Abstract |
Quantifying the total organic carbon (TOC) content of soils and aquifer materials is essential for understanding subsurface chemistry during environmental site characterization. Contaminant fate and transport, microbial ecology, and effective treatment methodology are all influenced by the quantity of both naturally occurring and anthropogenic organic carbon present. Unfortunately, the determination both in natural and contaminated settings is complicated by many factors. These include the system chemistry and heterogeneity, sampling methodology, and analytical limitations. Accurate determination becomes increasingly difficult as the total carbon (TC):TOC ratio increases, due to carbonate components of the TC and the difficulty of removing them without affecting the TOC. Interlaboratory data shows variations of 39% between laboratories analyzing the same sample, even with appropriate pretreatment.
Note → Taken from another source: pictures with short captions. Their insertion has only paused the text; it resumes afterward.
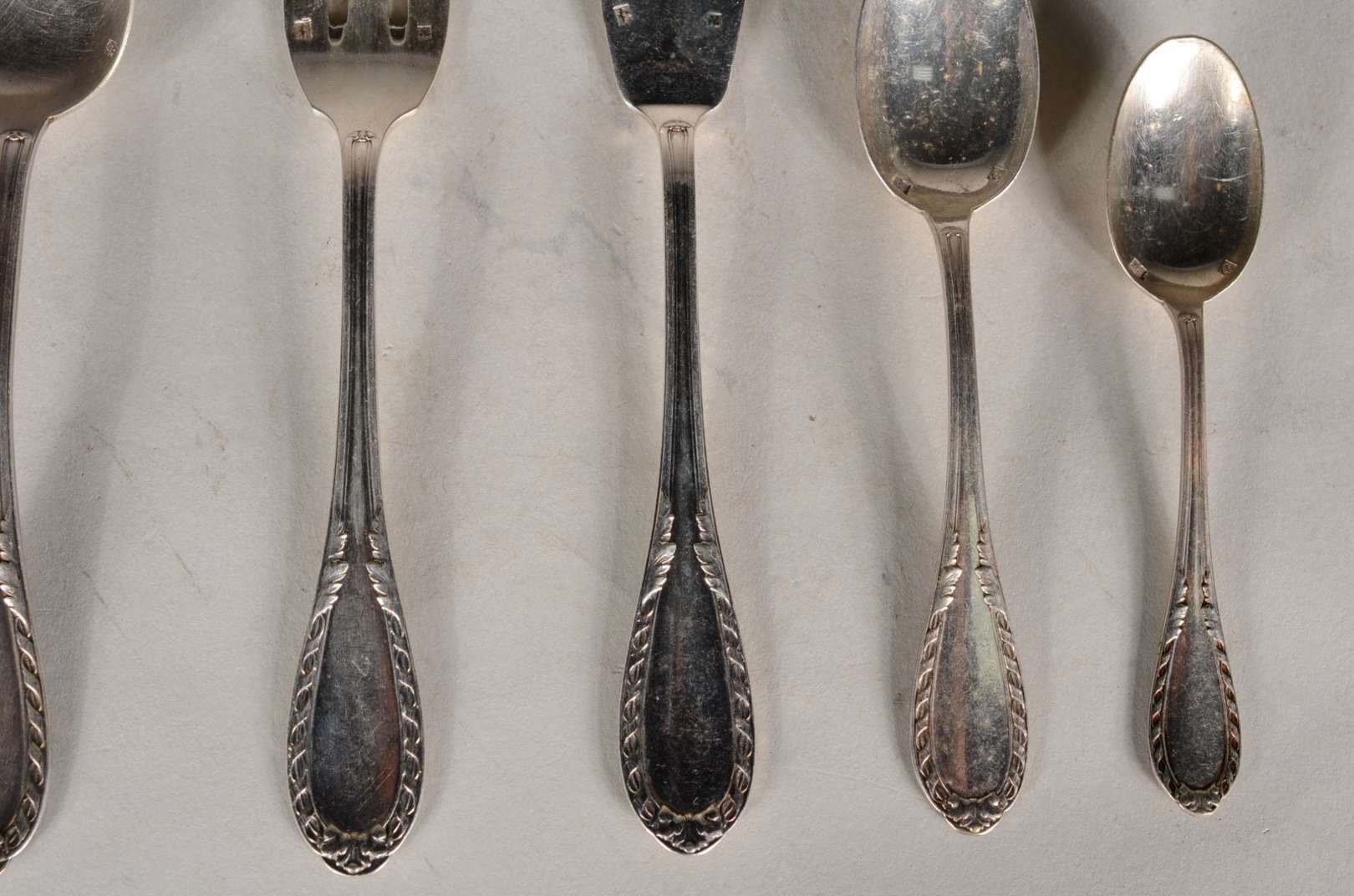 Perfect Silver, - Galeria Alphaville
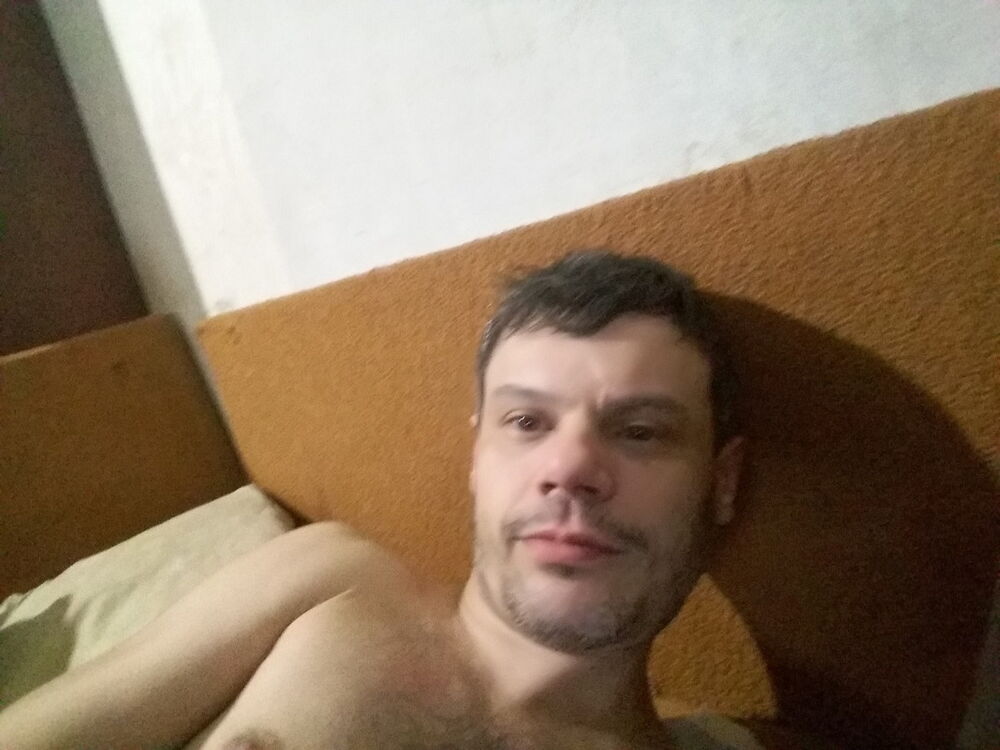  15867593  , 44 ,    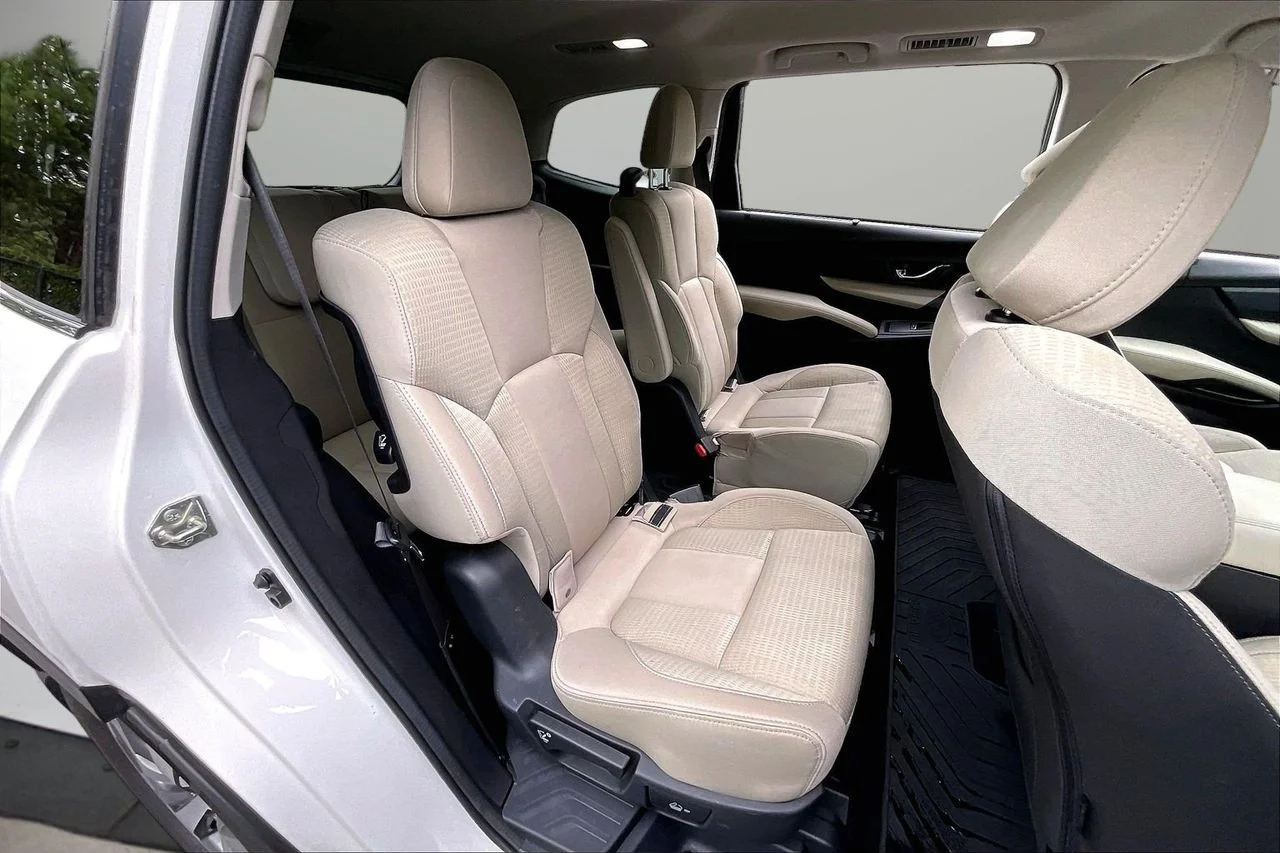Certified Used 2020 White Subaru Premium image 24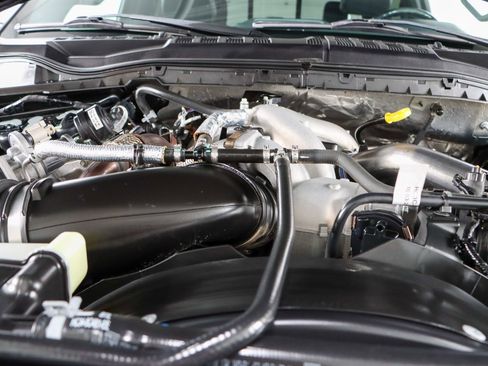 Used 2022 Ford F250 Lariat w/ Lariat Value Package image 32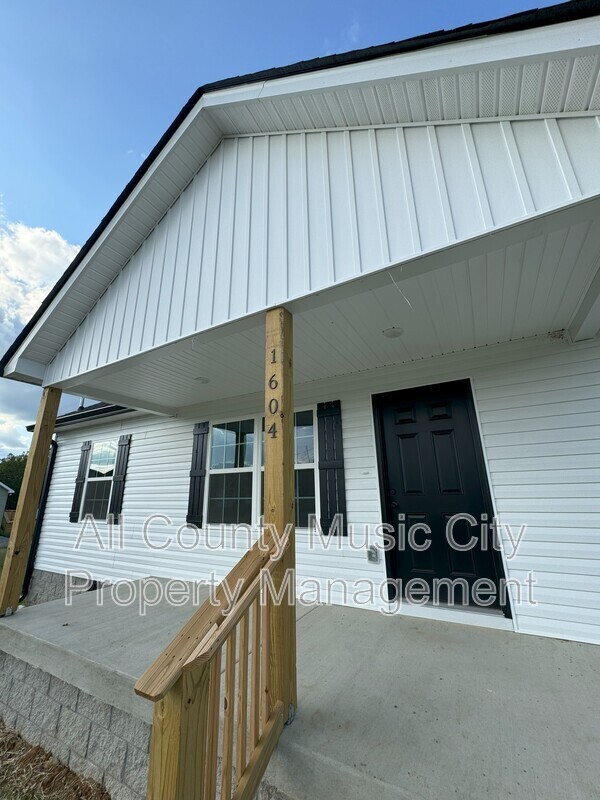 Building Photo - 1604 Alan Perryman Ave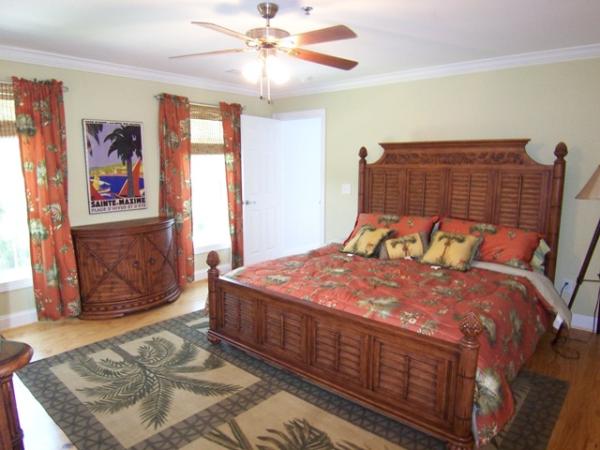 Master Bedroom Suite - Upstairs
Further errors occur, enhanced by the limited sample sizes used in most instruments, when widely dispersed or heterogeneously distributed carbon particles are present. Additional complexity is introduced when the sample is from the saturated zone and contaminated with volatile organic compounds (VOCs). This is illustrated by data from the aviation gasoline and JP-4 jet fuel spills at the Traverse City Coast Guard Air Station bioremediation projects. Carbonate removal is impossible in this case and requires a separate determination, doubling the TOC measurement inaccuracy. This, combined with volatiles losses during handling and potential transport of unreacted volatiles through the instrument, results in observed coefficients of variation of 52%, with values 73% lower than a gas chromatographic (GC) method. Standardizing TOC determinations of subsurface materials, from both the saturated and unsaturated zones, must be accomplished for consistent interlaboratory results. Standard reference aquifer materials are necessary. Attempts to increase sample integrity, from field
collection to analysis, particularly with volatile contaminants present, are needed. An instrument design prototype that should be useful for water-saturated, volatiles contaminated aquifer materials is presented. Cooperation between field investigators, analysts, and instrument manufacturers will be required to improve data quality and usefulness.